# union force or rome arsenal



## MunkySpunk (Jan 7, 2009)

Search. There's a billion topics on each.


----------



## jasyn (Dec 28, 2008)

MunkySpunk said:


> Search. There's a billion topics on each.


for all-mountain though am i lookin for more stiff?


----------



## m60g (Feb 27, 2009)

Either or....with the Arsenals being stiffer


----------



## Triple8Sol (Nov 24, 2008)

Arsenal is stiffer. I'd go with that one over the Forces, if that's the way you're going with it. Also look into the Ride SPi for something in that price range.


----------



## Guest (Dec 28, 2009)

I decided to jump on the union force band wagon this season and super happy i did.
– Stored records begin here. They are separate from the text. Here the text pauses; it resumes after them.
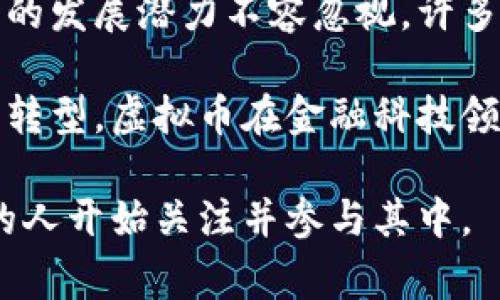 虚拟币的意思是指一种不具备实物形式的货币，通常以数字形式存在。它们在特定的在线环境中流通，并依托于区块链技术等加密算法以确保交易的安全性和匿名性。与传统的法定货币不同，虚拟币不受政府或中央银行的控制，往往在去中心化的平台上运作。

虚拟币的基本概念
虚拟币是数字货币的一种形式，其存在的基础是信息技术和网络环境。它们可以用于在线交易、消费，甚至用于投资。由于其去中心化的特质，很多人认为虚拟币代表了未来货币的发展方向。

虚拟币的分类
根据功能和特性，虚拟币可以分为多种类型。最知名的是比特币，这是一种旨在充当电子现金的虚拟货币。此外，还有许多其他类型的虚拟币，诸如以太坊、莱特币和瑞波币等，它们有各自的特点和应用场景。

虚拟币的优势
虚拟币具备多种优势，比如快速的交易速度和低成本的转账费用。相比传统的银行转账，虚拟币可以在几分钟内完成交易，而银行处理国际汇款往往需要几天的时间。此外，虚拟币的全球流通性使得它在国际交易中非常受欢迎。

虚拟币的风险
然而，虚拟币也存在不少风险。其价格波动极大，可能在短时间内大幅上涨或下跌。此外，市场上存在着大量的诈骗和违法活动。用户在使用虚拟币时需要格外谨慎，确保安全和合法性。

虚拟币的未来发展
随着区块链技术的不断发展，虚拟币的应用场景也在逐渐扩展。从早期的技术爱好者到今天的主流金融投资，虚拟币的发展潜力不容忽视。许多企业开始接受虚拟币作为支付方式，这预示着虚拟币在未来的金融体系中将扮演更加重要的角色。

在未来，随着更多的国家逐渐关注和规范虚拟币市场，预计将会出现更加明确的监管框架。考虑到全球经济的数字化转型，虚拟币在金融科技领域的角色也必将不断演变，为用户提供更多的可能性。

总之，虚拟币作为一种新兴的货币形式，虽然面临众多挑战，但其独特的技术优势和广阔的应用前景，使得越来越多的人开始关注并参与其中。
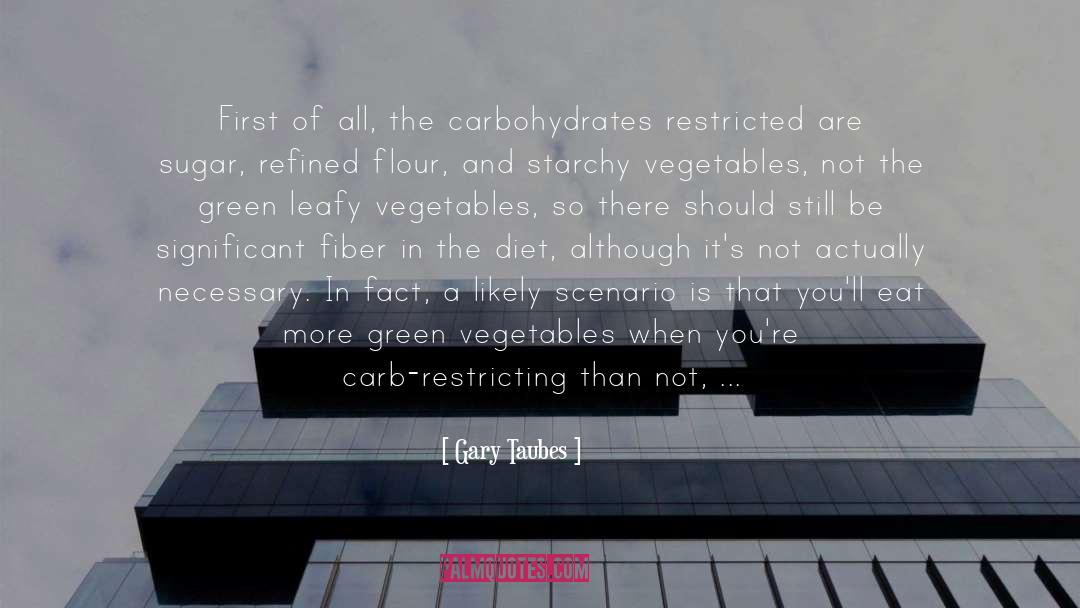 Although quotes by Gary Taubes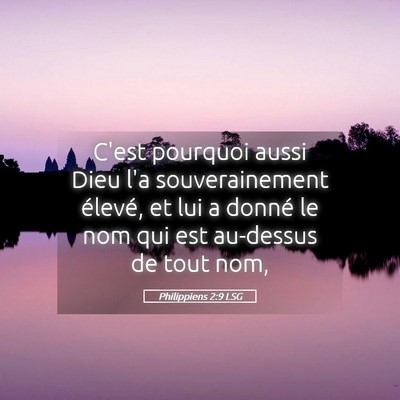 Picture 05 - Philippiens 2:9 LSG - C'est pourquoi aussi Dieu l'a souverainement - Bible Verse Picture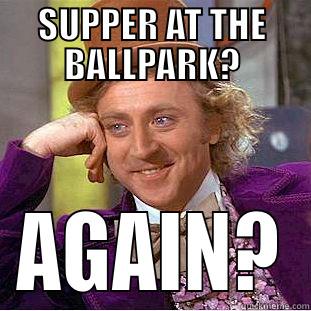 SUPPER AT THE BALLPARK? AGAIN? Creepy Wonka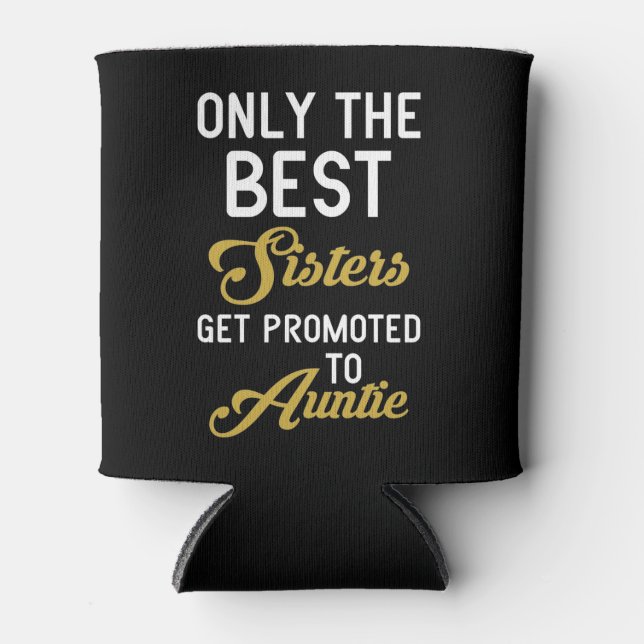 Nur die besten Sisters werden für Tantchen werben Dosenkühler (Vorderseite)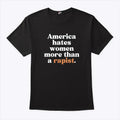America Hates Women More Than A Rapist Shirt
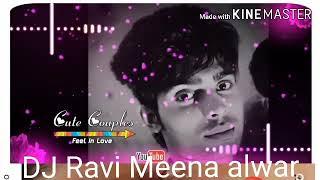 28 SAal ki chori meenawati GMS mix song DJ Ravi Meena alwar se 8005997706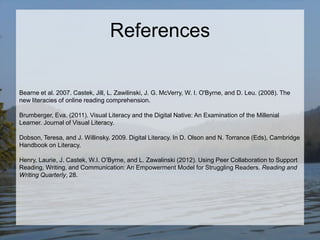 References

Bearne et al. 2007. Castek, Jill, L. Zawilinski, J. G. McVerry, W. I. O'Byrne, and D. Leu. (2008). The
new literacies of online reading comprehension.
Brumberger, Eva. (2011). Visual Literacy and the Digital Native: An Examination of the Millenial
Learner. Journal of Visual Literacy.
Dobson, Teresa, and J. Willinsky. 2009. Digital Literacy. In D. Olson and N. Torrance (Eds), Cambridge
Handbook on Literacy.

Henry, Laurie, J. Castek, W.I. O’Byrne, and L. Zawalinski (2012). Using Peer Collaboration to Support
Reading, Writing, and Communication: An Empowerment Model for Struggling Readers. Reading and
Writing Quarterly, 28.

 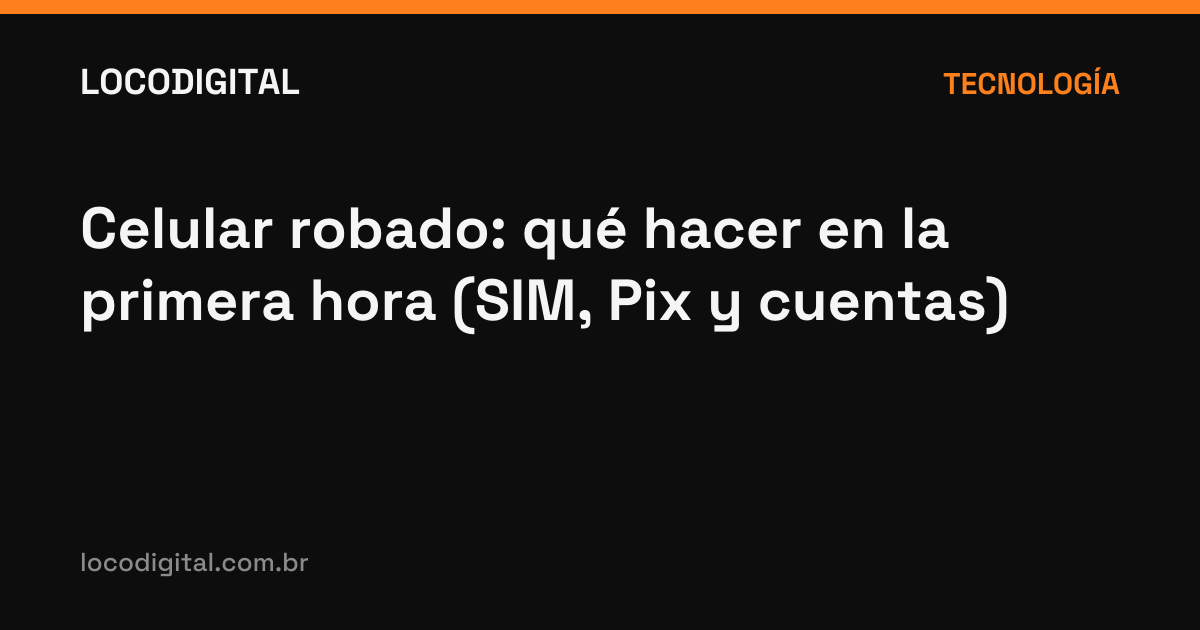 Celular robado: qué hacer en la primera hora (SIM, Pix y cuentas)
I have always had problems experiencing pressure points in the past with my bindings. These are a different story. No pressure points at all...still trying to get use to not having to crank them down so tight like i have with previous bindings. I also love the toe straps.


----------



## DC5R (Feb 21, 2008)

Get the Forces. I would not consider the Arsenals as an all-mtn binding.


----------



## hnz (Dec 5, 2009)

The Force toe-strap is the best i've had over my boot (from a total of around 10).


----------



## Guest (Dec 28, 2009)

Agreed! I don't understand how others have problems with them slipping off of their toes.


----------



## Guest (Dec 31, 2009)

i haven't had a problem with the toestraps on my union force's either. they are very comfortable.


----------



## maf05r6 (Mar 3, 2008)

Love my unions. So much better than the Co2s I had before.


----------